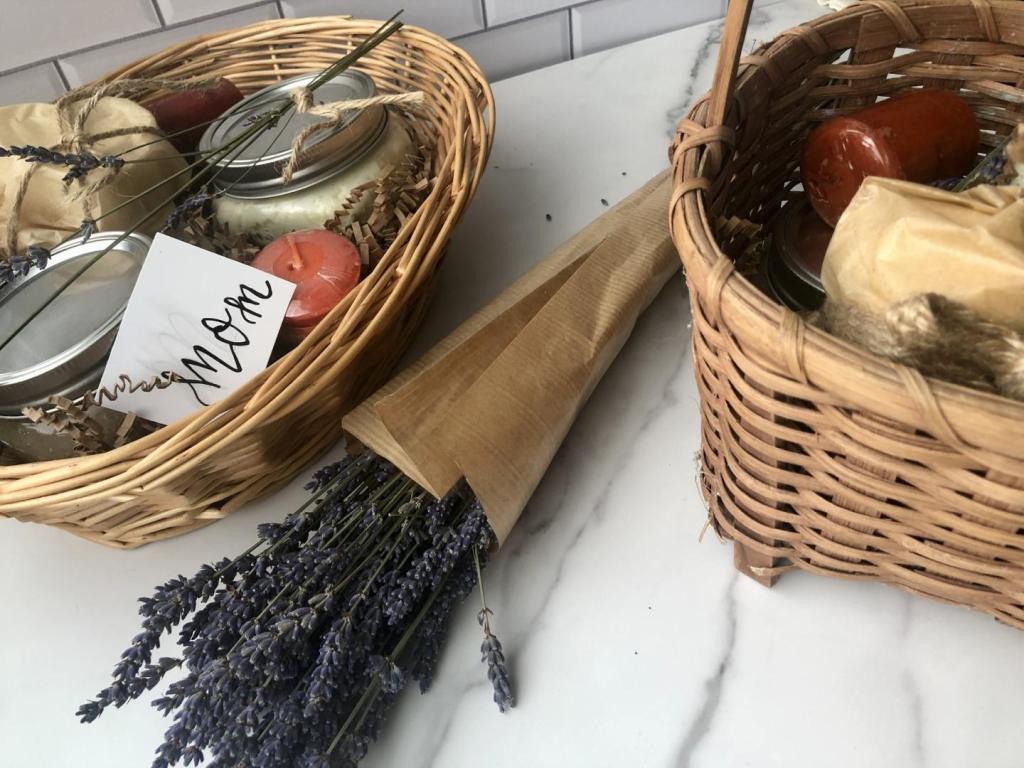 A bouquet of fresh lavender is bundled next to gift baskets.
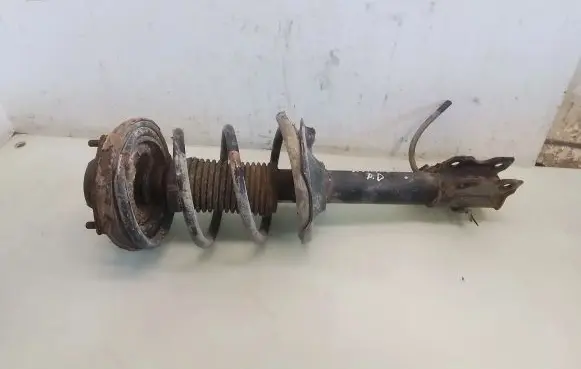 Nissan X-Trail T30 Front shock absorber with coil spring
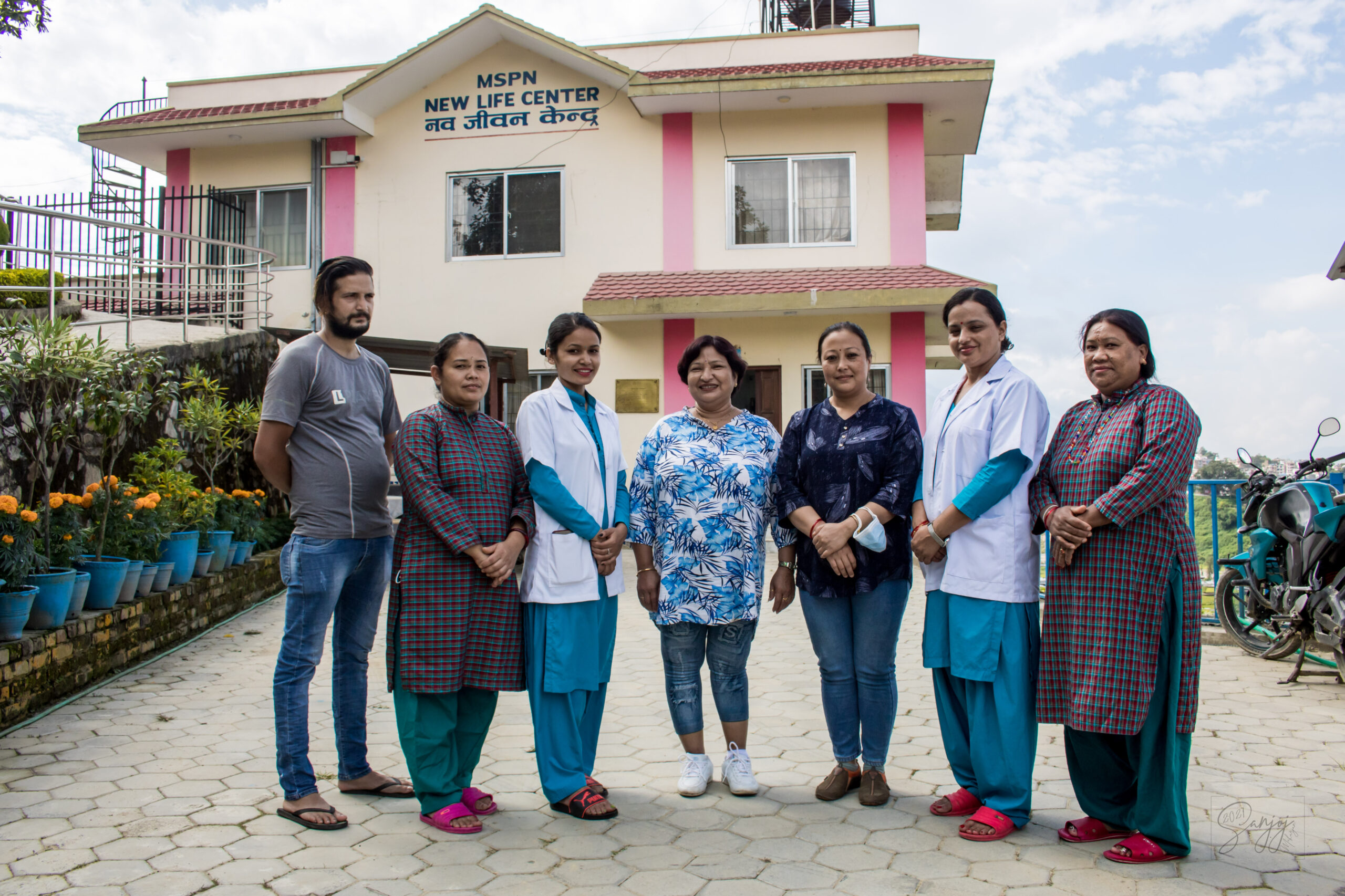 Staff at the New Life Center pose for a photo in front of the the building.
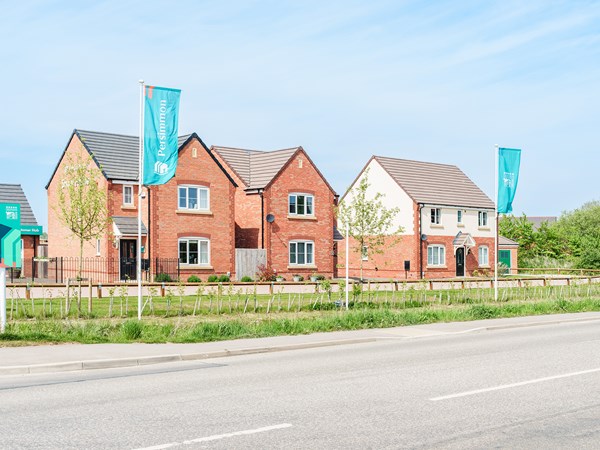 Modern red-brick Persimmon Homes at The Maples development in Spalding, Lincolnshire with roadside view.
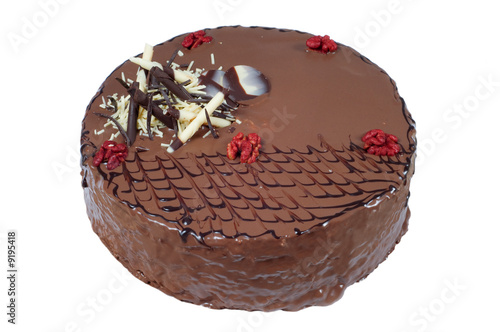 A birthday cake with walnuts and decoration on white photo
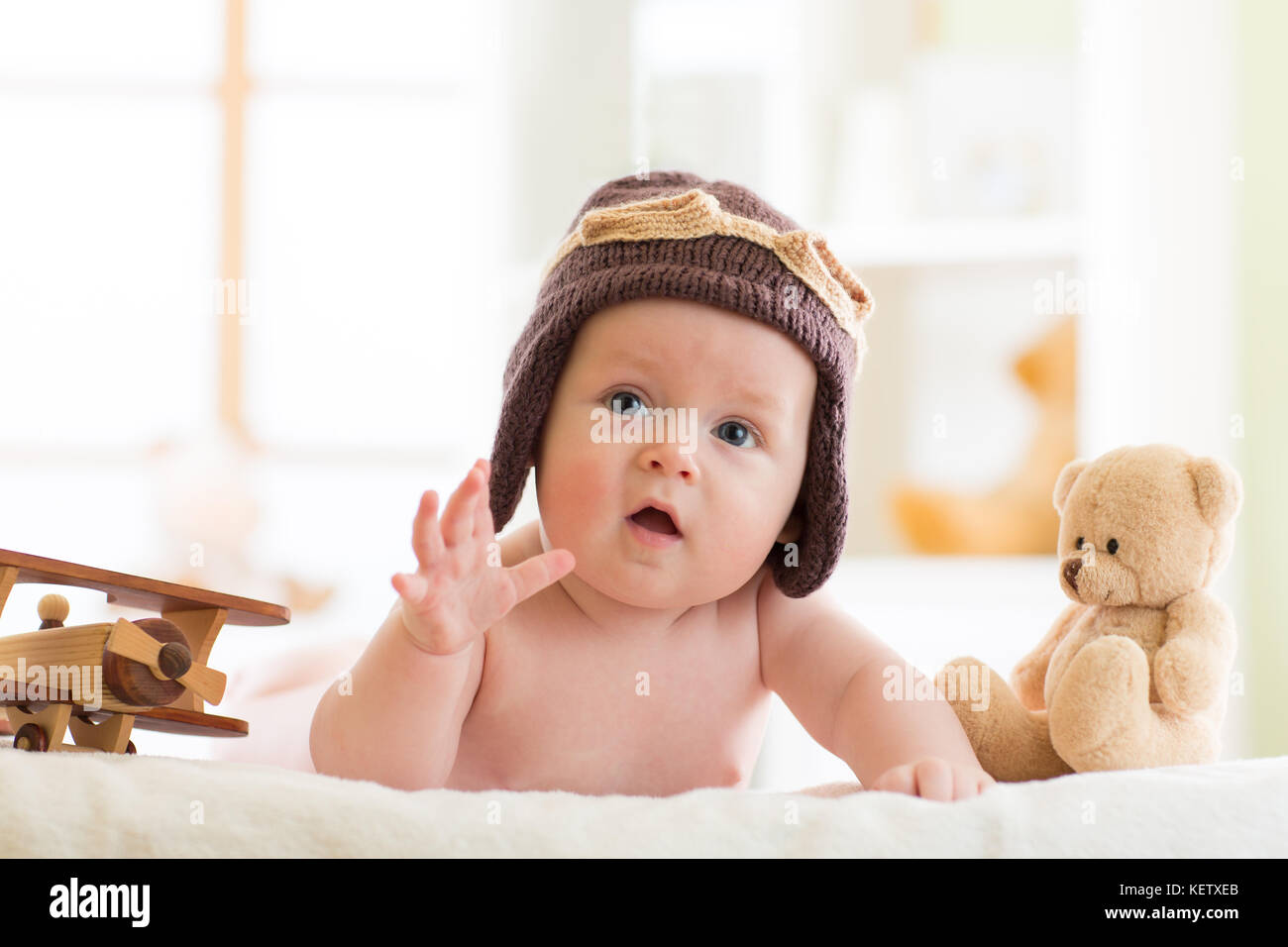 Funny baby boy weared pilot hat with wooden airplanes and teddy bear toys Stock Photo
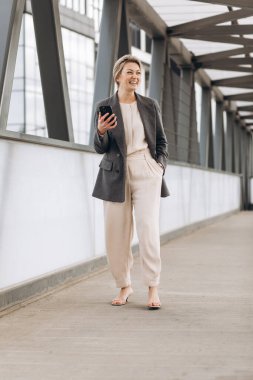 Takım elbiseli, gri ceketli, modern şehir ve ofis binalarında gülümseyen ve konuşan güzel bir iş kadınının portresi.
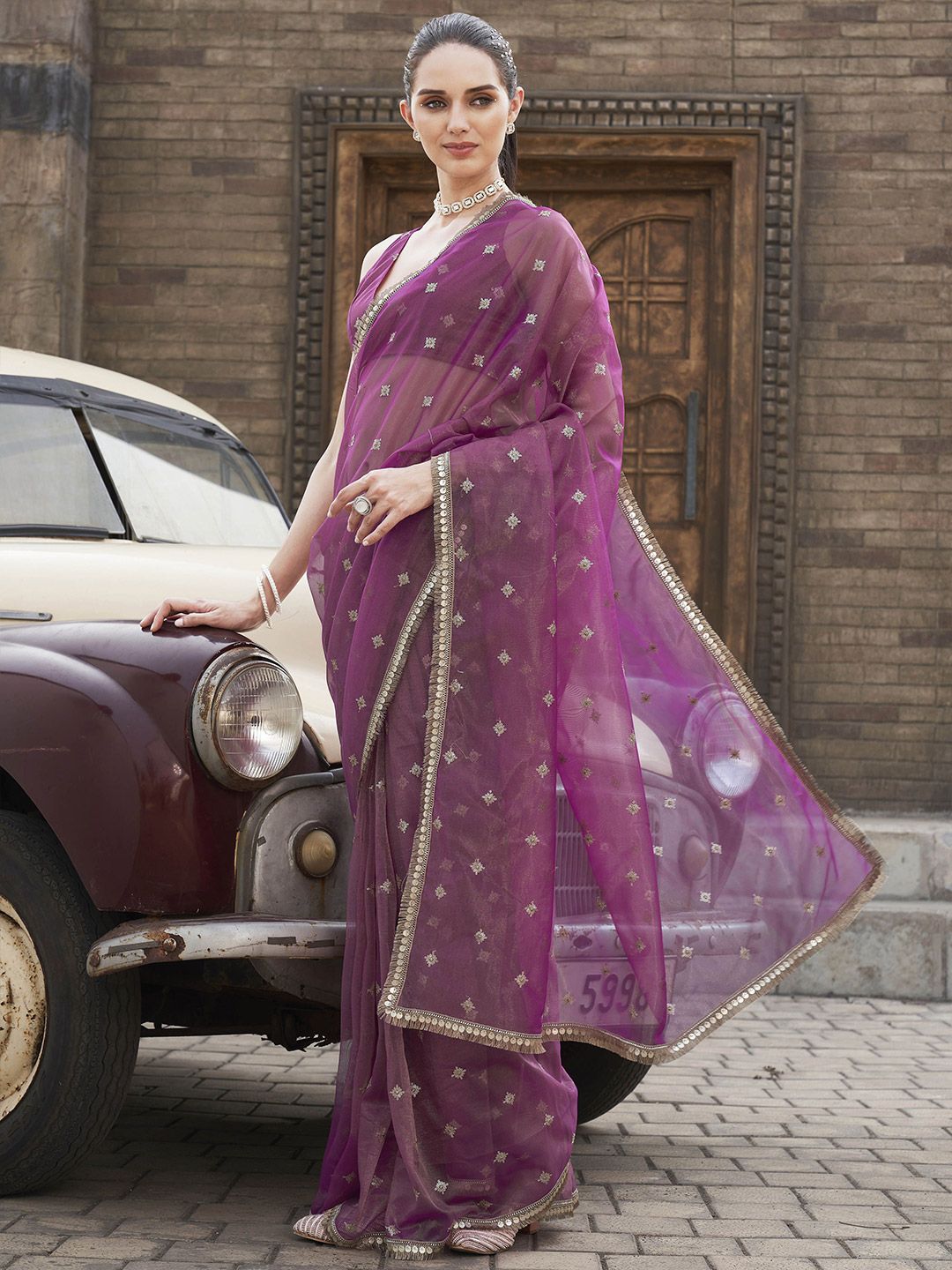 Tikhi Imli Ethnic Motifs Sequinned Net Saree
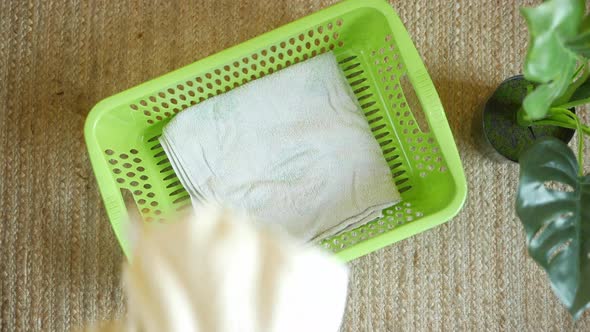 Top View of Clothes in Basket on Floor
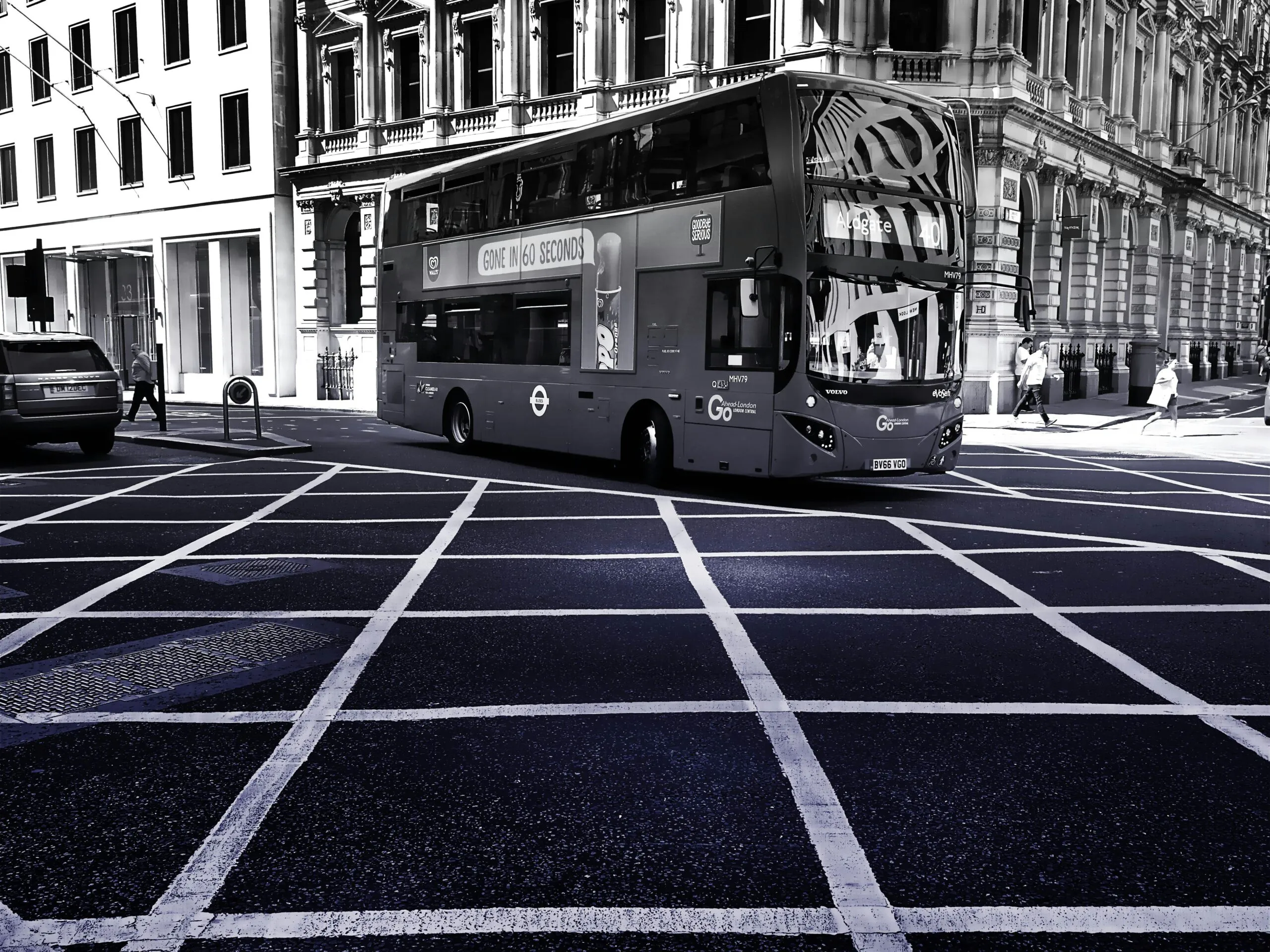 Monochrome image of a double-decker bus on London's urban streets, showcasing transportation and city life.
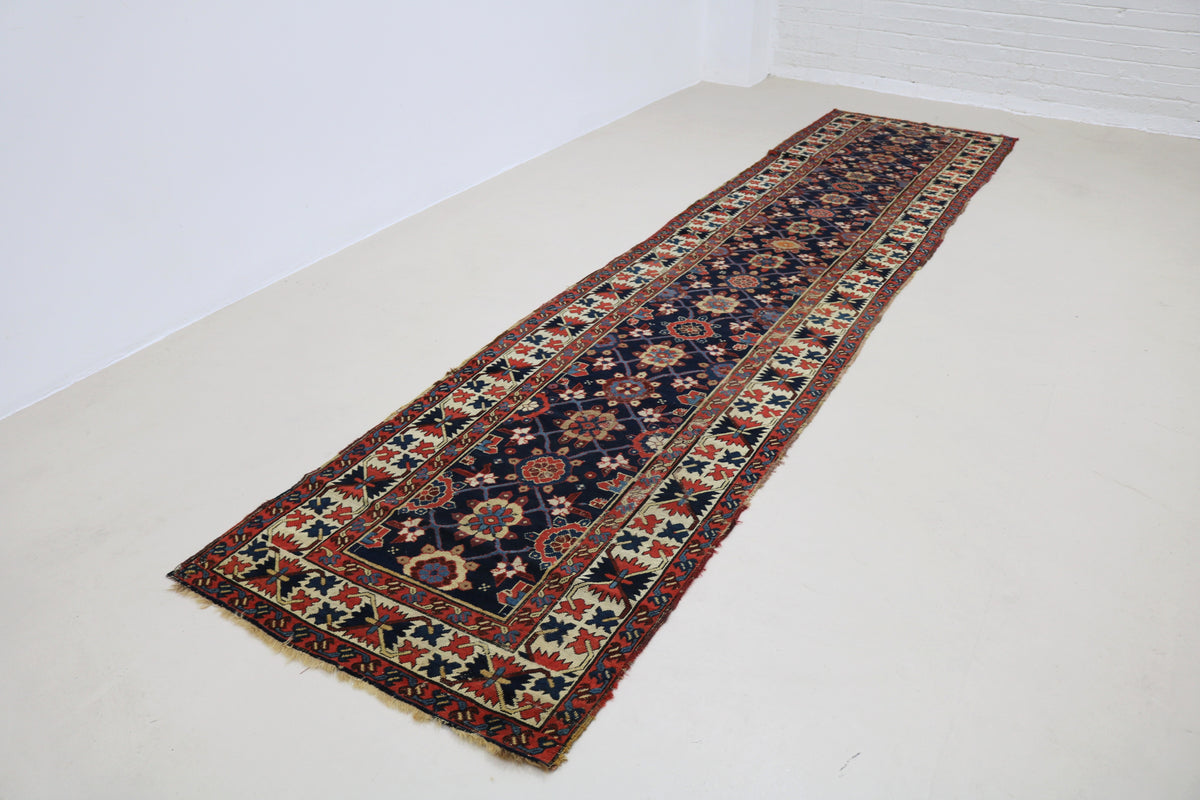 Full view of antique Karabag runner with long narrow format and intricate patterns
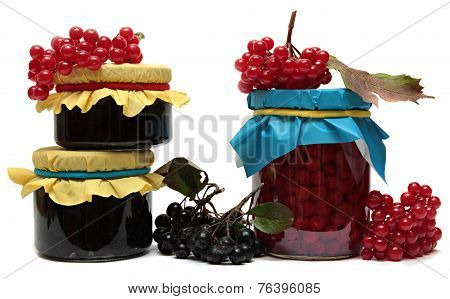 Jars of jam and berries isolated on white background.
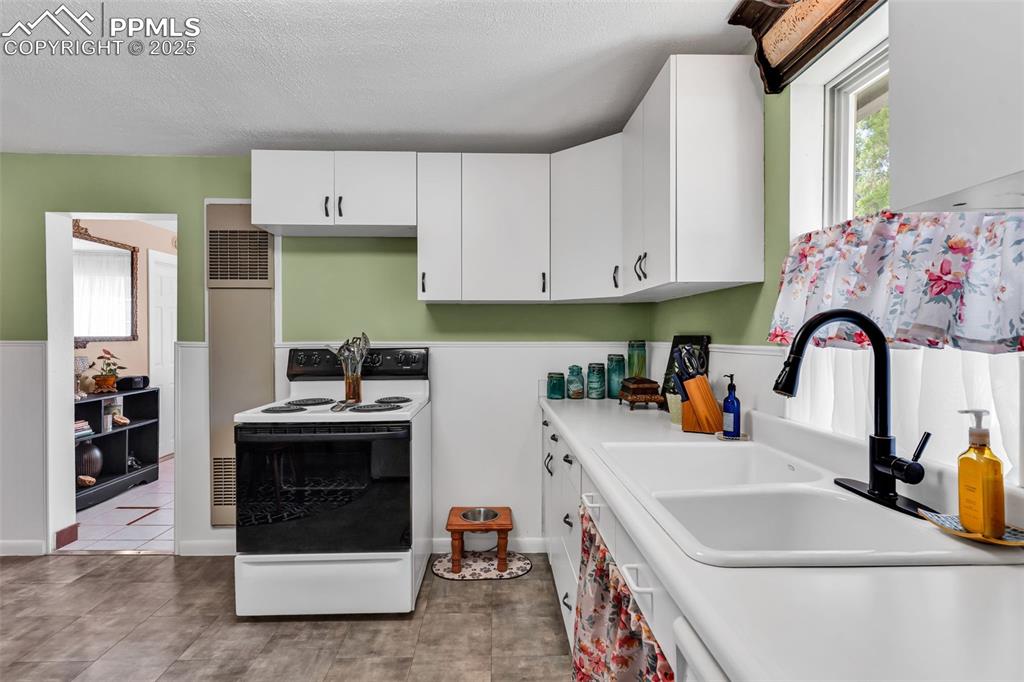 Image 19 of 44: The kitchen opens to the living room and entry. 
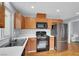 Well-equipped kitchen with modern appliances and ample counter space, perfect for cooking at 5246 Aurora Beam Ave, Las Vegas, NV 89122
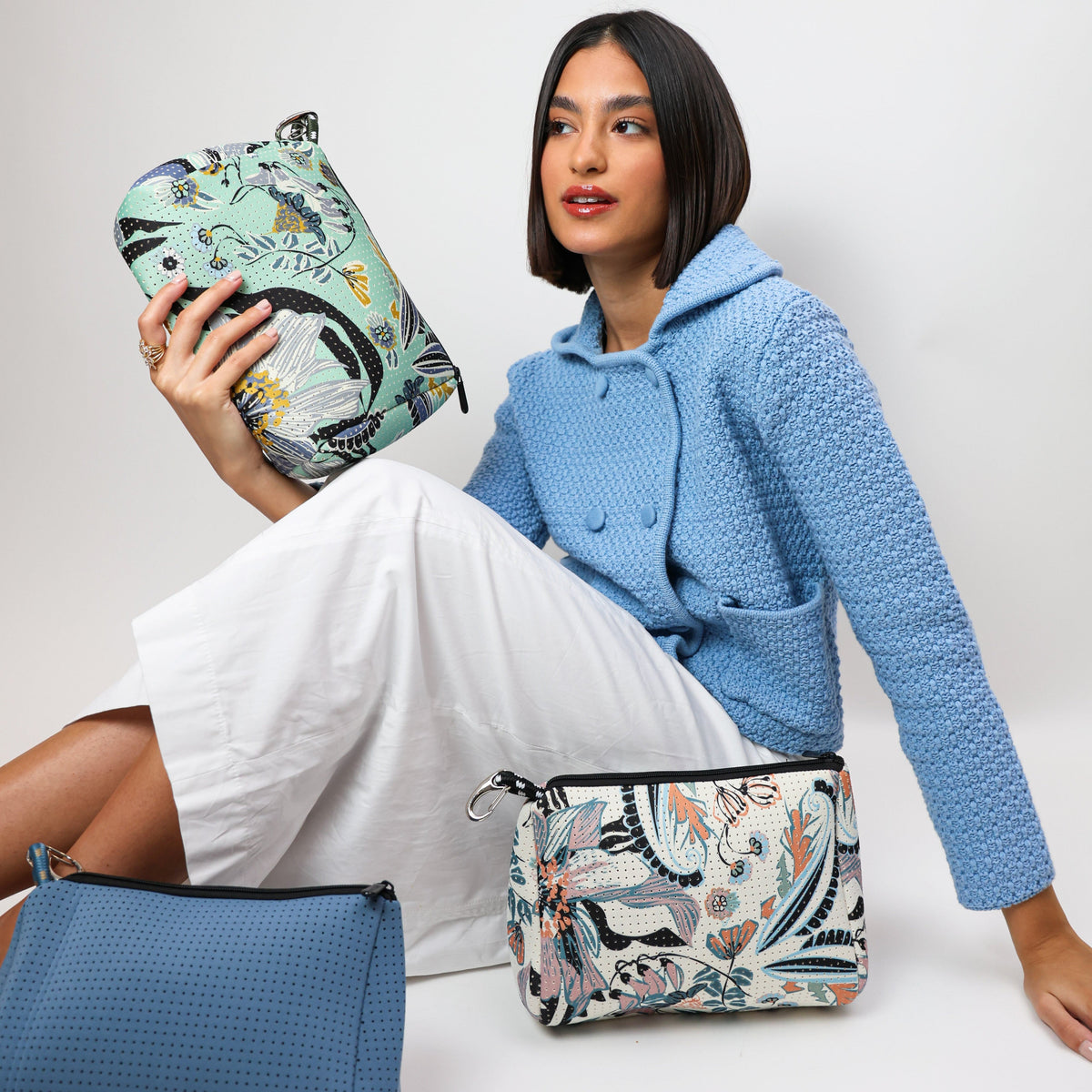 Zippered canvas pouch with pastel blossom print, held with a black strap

---------------

### Task directions
Without the pictures, write out the whole listing exactly as it appears.

### Output of the exercise
 A bouquet of fresh lavender is bundled next to gift baskets.
 Nissan X-Trail T30 Front shock absorber with coil spring
 Staff at the New Life Center pose for a photo in front of the the building.
 Modern red-brick Persimmon Homes at The Maples development in Spalding, Lincolnshire with roadside view.
 A birthday cake with walnuts and decoration on white photo
 Funny baby boy weared pilot hat with wooden airplanes and teddy bear toys Stock Photo
 Takım elbiseli, gri ceketli, modern şehir ve ofis binalarında gülümseyen ve konuşan güzel bir iş kadınının portresi.
 Tikhi Imli Ethnic Motifs Sequinned Net Saree
 Top View of Clothes in Basket on Floor
 Monochrome image of a double-decker bus on London's urban streets, showcasing transportation and city life.
 Full view of antique Karabag runner with long narrow format and intricate patterns
 Jars of jam and berries isolated on white background.
 Image 19 of 44: The kitchen opens to the living room and entry. 
 Well-equipped kitchen with modern appliances and ample counter space, perfect for cooking at 5246 Aurora Beam Ave, Las Vegas, NV 89122
 Zippered canvas pouch with pastel blossom print, held with a black strap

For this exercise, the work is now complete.